# Windows 7 install on a Dell D610 laptop



## catilley (Sep 25, 2009)

I've downloaded the Windows 7 advisor for this laptop, and it basically said that Windows Vista/7 could not be ran on it. However, I've read, most lately on Leo's column, that he installed Home Premium 32 bit on that very same laptop for his wife, and he is an expert at computer advice. My laptop, like his, has all available features and specs for it. The only problem is the "Aero" feature, that I don't need on it anyway. I have a new PC with Windows 7. Microsoft is always saying that Windows 7 won't run on a lot of older computers, when in fact it will. Do any of you see a problem with this install? I would like the Pro version on it.


----------



## htucker (Aug 27, 2009)

I'm running a desktop from around that erra with Windows 7 on it. Runs quite well. Two considerations: How much RAM does the system have?

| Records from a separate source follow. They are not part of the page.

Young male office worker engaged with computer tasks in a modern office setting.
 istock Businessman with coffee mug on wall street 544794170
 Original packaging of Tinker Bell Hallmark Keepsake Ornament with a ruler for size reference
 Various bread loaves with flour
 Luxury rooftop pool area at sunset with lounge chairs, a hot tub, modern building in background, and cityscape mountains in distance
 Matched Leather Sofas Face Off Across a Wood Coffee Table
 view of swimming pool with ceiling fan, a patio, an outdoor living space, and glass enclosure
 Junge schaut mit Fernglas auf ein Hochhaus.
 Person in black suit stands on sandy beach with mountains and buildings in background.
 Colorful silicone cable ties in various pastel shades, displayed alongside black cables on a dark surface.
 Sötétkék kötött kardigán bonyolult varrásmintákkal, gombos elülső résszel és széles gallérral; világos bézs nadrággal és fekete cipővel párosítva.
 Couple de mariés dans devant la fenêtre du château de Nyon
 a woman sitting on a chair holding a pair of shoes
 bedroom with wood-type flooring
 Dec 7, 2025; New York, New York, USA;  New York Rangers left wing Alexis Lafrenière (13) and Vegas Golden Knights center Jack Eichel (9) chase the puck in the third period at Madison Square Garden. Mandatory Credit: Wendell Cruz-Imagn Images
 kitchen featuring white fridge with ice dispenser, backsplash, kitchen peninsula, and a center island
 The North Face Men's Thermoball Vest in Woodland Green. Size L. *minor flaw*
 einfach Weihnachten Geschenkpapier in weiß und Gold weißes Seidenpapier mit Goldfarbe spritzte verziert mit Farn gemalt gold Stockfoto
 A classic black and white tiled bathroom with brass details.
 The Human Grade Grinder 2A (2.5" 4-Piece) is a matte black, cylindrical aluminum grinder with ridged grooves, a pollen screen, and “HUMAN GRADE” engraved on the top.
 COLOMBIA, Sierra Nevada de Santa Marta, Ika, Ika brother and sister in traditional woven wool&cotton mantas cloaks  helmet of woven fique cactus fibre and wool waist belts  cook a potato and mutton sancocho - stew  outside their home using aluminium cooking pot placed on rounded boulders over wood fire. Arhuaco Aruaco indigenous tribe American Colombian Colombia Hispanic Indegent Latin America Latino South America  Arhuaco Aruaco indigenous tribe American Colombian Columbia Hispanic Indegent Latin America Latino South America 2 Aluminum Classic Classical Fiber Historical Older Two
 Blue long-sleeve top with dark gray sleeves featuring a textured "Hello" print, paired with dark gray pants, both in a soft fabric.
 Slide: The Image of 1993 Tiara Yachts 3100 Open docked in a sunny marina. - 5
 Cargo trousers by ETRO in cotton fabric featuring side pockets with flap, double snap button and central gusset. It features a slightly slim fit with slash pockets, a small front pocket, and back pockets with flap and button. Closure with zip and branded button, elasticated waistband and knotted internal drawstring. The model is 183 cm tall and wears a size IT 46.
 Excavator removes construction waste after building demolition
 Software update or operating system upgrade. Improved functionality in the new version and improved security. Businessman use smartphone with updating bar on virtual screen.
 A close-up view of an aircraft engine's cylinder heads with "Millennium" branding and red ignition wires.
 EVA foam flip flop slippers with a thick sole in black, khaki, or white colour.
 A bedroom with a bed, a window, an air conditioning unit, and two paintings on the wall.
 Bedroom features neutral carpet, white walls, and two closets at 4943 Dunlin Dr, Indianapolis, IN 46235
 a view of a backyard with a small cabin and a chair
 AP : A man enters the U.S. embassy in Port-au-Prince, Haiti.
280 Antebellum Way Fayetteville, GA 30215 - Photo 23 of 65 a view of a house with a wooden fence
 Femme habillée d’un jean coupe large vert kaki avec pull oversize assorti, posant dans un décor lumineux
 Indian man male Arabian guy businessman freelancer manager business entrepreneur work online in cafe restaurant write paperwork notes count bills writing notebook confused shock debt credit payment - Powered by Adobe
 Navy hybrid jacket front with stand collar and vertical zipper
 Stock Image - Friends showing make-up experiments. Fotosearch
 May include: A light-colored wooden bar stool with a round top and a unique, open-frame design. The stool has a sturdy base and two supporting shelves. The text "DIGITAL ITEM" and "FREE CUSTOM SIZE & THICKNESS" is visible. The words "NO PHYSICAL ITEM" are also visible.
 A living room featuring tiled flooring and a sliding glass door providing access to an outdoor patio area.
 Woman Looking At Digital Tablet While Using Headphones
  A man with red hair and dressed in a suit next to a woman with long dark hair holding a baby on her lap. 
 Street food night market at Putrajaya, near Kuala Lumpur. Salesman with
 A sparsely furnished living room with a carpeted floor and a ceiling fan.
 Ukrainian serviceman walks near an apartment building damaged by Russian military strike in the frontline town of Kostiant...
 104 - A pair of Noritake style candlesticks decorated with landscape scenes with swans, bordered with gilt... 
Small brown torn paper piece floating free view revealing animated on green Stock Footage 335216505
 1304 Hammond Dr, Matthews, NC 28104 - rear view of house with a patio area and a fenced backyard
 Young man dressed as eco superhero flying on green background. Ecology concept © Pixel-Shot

What is the Video card on it?


----------



## catilley (Sep 25, 2009)

htucker, thanks for the reply. It has 2GB RAM (as does my new PC with Windows 7 does) and I don't know about the video card. The video card is integrated with other parts on a laptop, that's the difference from a desktop. You can obtain parts for less. But I do know that the laptop has all of the features that Dell offered for it. It's a Latitude D610. I've even seen on eBay where C640's (seven years old) have Windows 7 for sale.


----------



## htucker (Aug 27, 2009)

catilley,
it has enough RAM to run it smoothly. The advanced graphic features of 7 like Aero will probably not work on it if it has the older integrated intel video card.


----------



## catilley (Sep 25, 2009)

That's the video card, Intel. You're right, I won't be able to get all of the features, but there are a couple of Vista drivers that I can (and will have to) apply in order for it to work. The Intel wi-fi is one of them. But I'm determined to make it work. There are some 2003-2004 era Optiplex desktops that runs it fine. But as you probably know, you can swap parts in a desktop a lot easier than a laptop. There's so many intergrated parts in laptops to make room for everything.


----------



## catilley (Sep 25, 2009)

I got it done and all is good. The screen doesn't look as good as this one (it's only a month old), but it runs just as smooth, in some ways better. Those Latitudes were built for professionals, and there are still many around. I can live without the Aero on it. And it won't run Virtual PC, the processor doesn't support it. But there's a different one I'm going to check out.


----------